前・後期で大幅な展示品の入れ替えがあります。
我が家からは遠いので後期は行けないかも知れません。

トーハクのボストン美術館展でも蕭白に焦点を当てていますよね、ボストン美術館展の展示作品は保存状態も良く素晴らし作品にドキドキでした。蕭白ショック!!(観たのは前期)での展示品は保存状態がどうなのかな―と思わせる作品も多数ありますが、その質・量とも蕭白の魅力を十分堪能できる展覧会です。描かれる面相、動き、画面解釈など、奇想の画家といわれ、観る者を瞬時に作品世界に引き込んでしまいます。しかし唐画の伝統を取り入れた復古的な作品も魅力があり蕭白の全体像を概観できるいい機会になります。
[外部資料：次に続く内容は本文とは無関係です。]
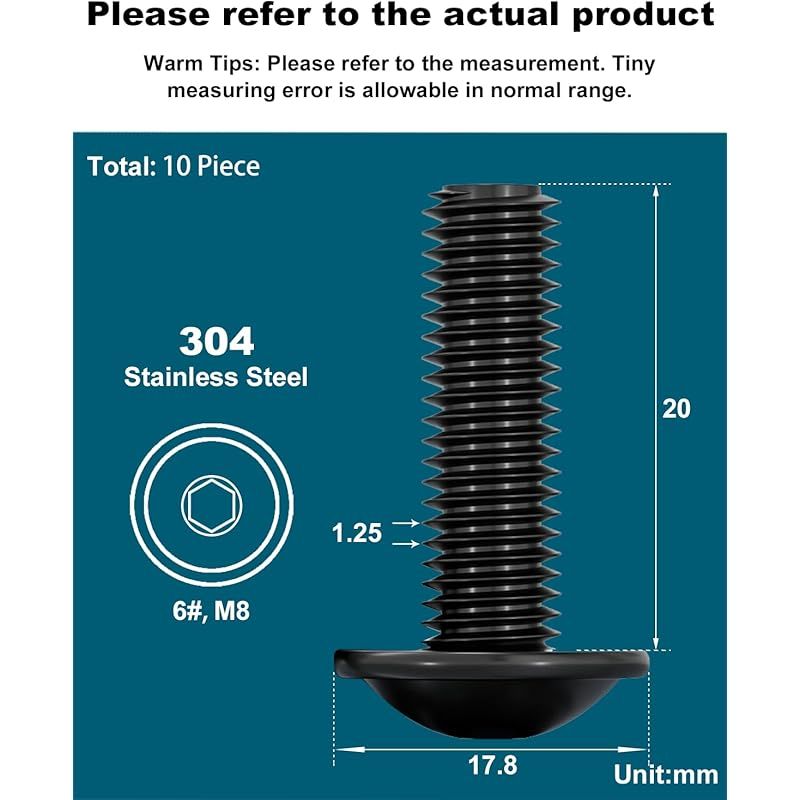 Innensechskantschraube M8x20 Mm, Edelstahl A2 V2a, Metallschrauben Für Mechanische Verbindungen, Schwarz, 10 Stück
曽我蕭白(1730~81)は江戸時代中期に活躍した画家です。この展覧会では修理を終えた、伊勢斎宮の旧家永島家伝来の障壁画(全44面、重要文化財、三重県立美術館所蔵)を中心に蕭白の画業をよく知るために蕭白前史と同時代の画家たちを合わせて紹介しています。

以下に展示構成を記します。
展示入れ替えが大幅に行われますので、HPの展示品リストでの確認をお薦めします。

第一章 蕭白前史
曽我蕭白は室町時代の画家曽我蛇足の系譜に連なる蛇足軒十世と名乗り、桃山時代の曽我派の画家曽我直庵の画風を取り入れている。雪舟の流れをくむ雲谷派からも学んでいるらしい。この章では、蕭白に先がけて復古かつ個性的な傾向を示した画家を紹介している。
京狩野に学んだ高田敬輔は蕭白の師と推定される。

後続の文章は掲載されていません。